AMENDMENTS to the controversial Spanish Coastal Act that will extend the concession for thousands of coastal properties and developments in Spain were approved by the government this week.
The extension will come as good news to Costa del Sol property owners affected by the law.
The new regulation will extend the permit on the home from 30 years to 75 years, meaning the possibility of demolition of homes built in the coastal public zones and protection zones won’t arise until 2063. Houses, hotels, bars and restaurants on the Costa del Sol faced the prospect of demolition because they were built in the ‘public zone’ in close proximity to the seafront. The Coastal Act of 1988 gave a 30-year concession on such properties – of which there are an estimated 24,000 homes alone in Spain – and was due to expire in 2018. This new extension to the concession now gives costa homeowners an additional 45 years of security and will ensure that businesses catering to tourism will continue generating money for the region.

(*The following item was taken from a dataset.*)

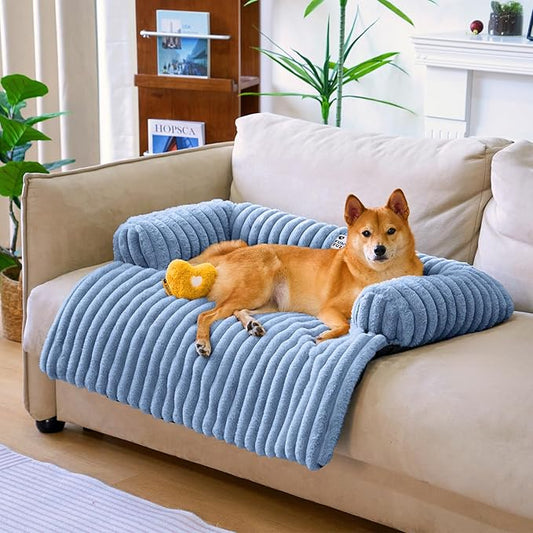 FUNNY FUZZY Pet Couch Cover for Sofa, Calming Dog Bed for Couch, Fluffy Plush Dog Couch Mat for Furniture Protector for Large Medium Small Dogs and Cats, Blue-PurrikoPets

Though properties in the coastal zones will not get permission for extensions, owners can improve or sell their properties during the period of the concession. The Coastal Act – designed to protect the integrity of the Spanish coastline – has been the subject of much debate since its introduction and left property owners with homes close to the shoreline facing the possibility of seeing their homes demolished. Time was nearly up for homes and developments built prior to the introduction of the law, and this latest development will mean Costa del Sol property owners can breathe a sigh of relief. However, an additional annual fee of six per cent of the cadastre value of the property is set to be introduced.